El templo de Artemisa se encuentra situado entre Selcuk y Éfeso y fue considerado una de las Siete Maravillas del Mundo Antiguo debido a sus enormes dimensiones y su preciosa arquitectura.
Este templo comenzó a construirse por el rey Creso de Lidia y se tardó más de 120 años en finalizar la obra. Estaba dedicado a la diosa Artemisa (para los romanos Diana) y atraía a cientos de peregrinos que acudían a rendirla homenaje, ya que era la diosa de la fertilidad. Este peregrinaje hizo ganar muchísimo dinero a la antigua Éfeso.
El templo estaba compuesto por numerosos edificios, que los arqueólogos denominaron con letras sucesivas. El edificio más antiguo e importante era el D. Este edificio era más grande incluso que el Partenón de Atenas y estaba construído sobre 127 columnas decoradas con figuras talladas alrededor de sus basas.
El Templo de Artemisa fue destruido por un incendio en el año 356 adC y en la actualidad se conservan unos pocos restos entre los que destaca una de las columnas que he mencionado.

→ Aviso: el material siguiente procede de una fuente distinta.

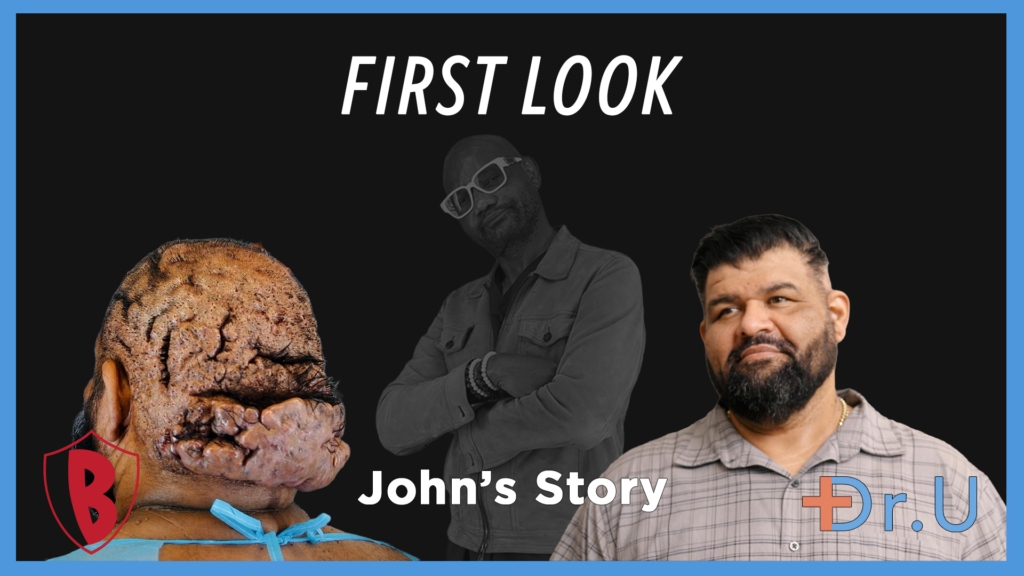 Impact from Scalp Keloids on the Life of John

Para hacernos una idea de cómo fue el templo podemos visitar el templo de Dídima, aunque el de Artemisa era todavía más grande.
De todos modos es aconsejable visitar este lugar, ya que los escasos restos que quedan están esparcidos en un entorno idílico donde la naturaleza es la protagonista. Por si fuera poco, pilla de camino para poder ver después Éfeso, así que no hay escusa para no visitar la que fue considerada una de las siete maravillas del mundo antiguo.